圧倒的なスケール感が、日本人離れしている。2013年末、ストリーミングサービスで発売したEPが注目を集めた頃、彼らはまだ20代になるかならないか、だったという。それでも当時のインディーズシーンではすぐに「世界レベルの豊かな音楽性」が認められ、海外アーティストとのコラボも加速していく。急拡大していく「Ykiki Beat」の世界を創り出したのは、類まれな音楽性と日本人離れした英語使いの「巧み」だった。
英語のチカラを教えてくれる、世界初の純日本人バンドかも
Ykiki Beatのメンバーは、ギター・Nobuki AkiyamaとKohei Kamoto、シンセサイザー・Koki Nozue、ベース・Yotaro Kachi、ドラム・Mizuki Sekiguchi、ボーカルはAkiyamaが主に担当する。バンド名の読み方は「ワイキキ・ビート」。
平均年齢23歳(2016年現在)の若き5人組「Ykiki Beat」がさらに広く知られるきっかけになったのが、2014年に7inch盤でリリースされた「Forever」だった。YouTubeで公開されたMVを見た人々が絶讃。外国のリスナーからも「Amazing!」の声が届いた。
リスナーが圧倒的に驚いた理由は、全編英語で綴られた圧倒的なスケール感や幅広い音楽性にある。
日本人リスナーからのコメントにも、「洋楽やと思って聞いたら日本人でびっくりして」「日本人バンドだと知って驚き、衝撃」など、MVを見て初めて、日本の若者たちが演奏していることに気づいた時のショックぶりが、垣間見える。まさに「おっさんの時代、こんなのおらんかった。今の若者すごい!」である。
ちなみにYouTubeで「Forever」の視聴回数は、公開されてから約30ヶ月で170万回を突破している。
唯一無二の「心地よさ」が、自然に広がることを期待
そして2015年7月、待望の1stアルバム「When the World is Wide」がリリースされた。「The Running/Modern Lies…」など、Ykiki Beatの集大成ともいうべき多彩な楽曲が収められている。

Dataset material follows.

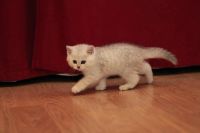 Лот: 10681659. Фото: 6. Британский котенок № 2 - мальчик...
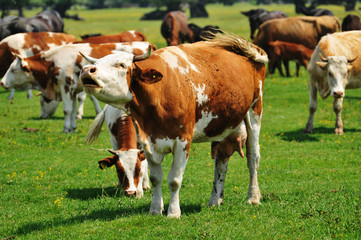 bull on pasture,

どのタイトルも歌い手のスタンスがとても自然体で、気負いがない。ライブ感が、さらに強い印象だ。同時に全編で、音の波そのものにふわりと包み込まれるような、なんとも言えない心地よさが味わえる。
「将来の日本の音楽を牽引する存在になってほしい」というコメントを、The Runningのチャンネルで見つけた。同感。
もちろん、無理をしなくていい。Ykiki Beatにはゆったりと自分たちなりのスタイルを貫き通して欲しい。そのスタンスはおそらく、次世代の若いアーティスたちに自然に受け継がれていく。
少なくとも今、ほぼ唯一無二の存在であることは、間違いないのだから。